As we continue to make use of these, the content on the Internet will soon become predominantly the output from other models. For the next 5-10 years, we will likely cross that threshold where most content is AI generated. In the meantime, we will continue integrating this AI technology into every part of our lives. And just like the study that is described in the “Curse of Recursion” paper, the output from these generative models will then be used to train future models.
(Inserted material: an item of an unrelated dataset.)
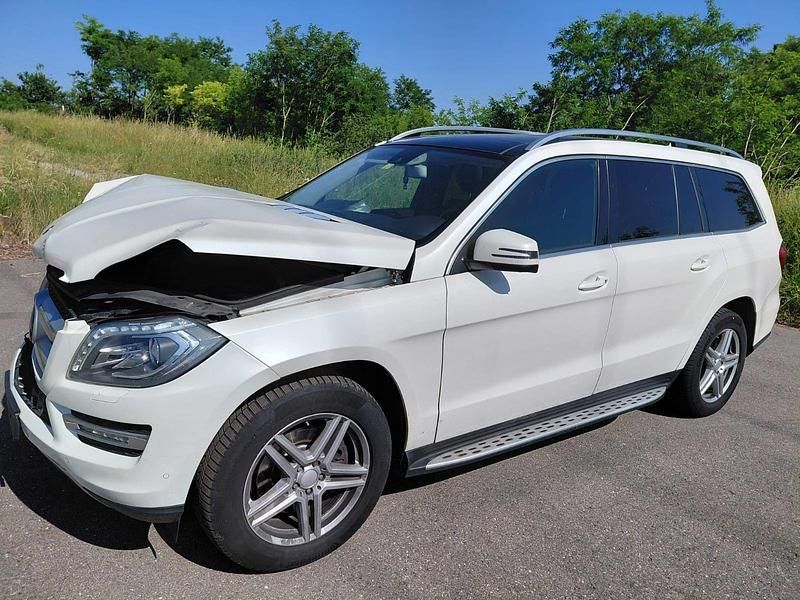 Weiß Gebraucht 2014 Mercedes GL350 SUV | 12.500 € - Bild 1/4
If we assume another 5-10 years to train multiple generations of models on the output from previous generations – then we can assume that we might start seeing the early signs of model collapse within the next decade or two. Not long after that, we could potentially start seeing broad catastrophic failures as we begin to enter the stages of late model collapse.
On the surface, this might seem like an easy problem to solve. Just don’t use AI generated content to train future models. But this unfortunately points to another problem. The problem of provenance. There is currently no reliable process for determining the origin or source of content (specifically, whether content is human- or AI-generated). I’ll finish here by reading one final piece from that white-paper.
[quote]
In our work we demonstrate that training on samples from another generative model can induce a distribution shift, which over time causes Model Collapse. This in turn causes the model to mis-perceive the underlying learning task. To make sure that learning is sustained over a long time period, one needs to make sure that access to the original data source is preserved and that additional data not generated by LLMs remain available over time. The need to distinguish data generated by LLMs from other data raises questions around the provenance of content that is crawled from the Internet: it is unclear how content generated by LLMs can be tracked at scale. One option is community-wide coordination to ensure that different parties involved in LLM creation and deployment share the information needed to resolve questions of provenance.
[end quote]
It is not hard to see the potential challenges involved in a “community-wide coordination” effort to track provenance. Many people are undoubtedly already passing off AI-generated content as their own original and creative work. And there is no reason to think that this trend will not continue. This unfortunately will not be an easy problem to solve. And it is one more example of the many emerging risks that our society faces, as we increasingly integrate AI technologies into processes that impact our daily lives.
And that’s all for today. As always, this is Hutch – broadcasting from the last bastion of the human resistance. Thank you all for listening and we will catch you on the next one. Over and out!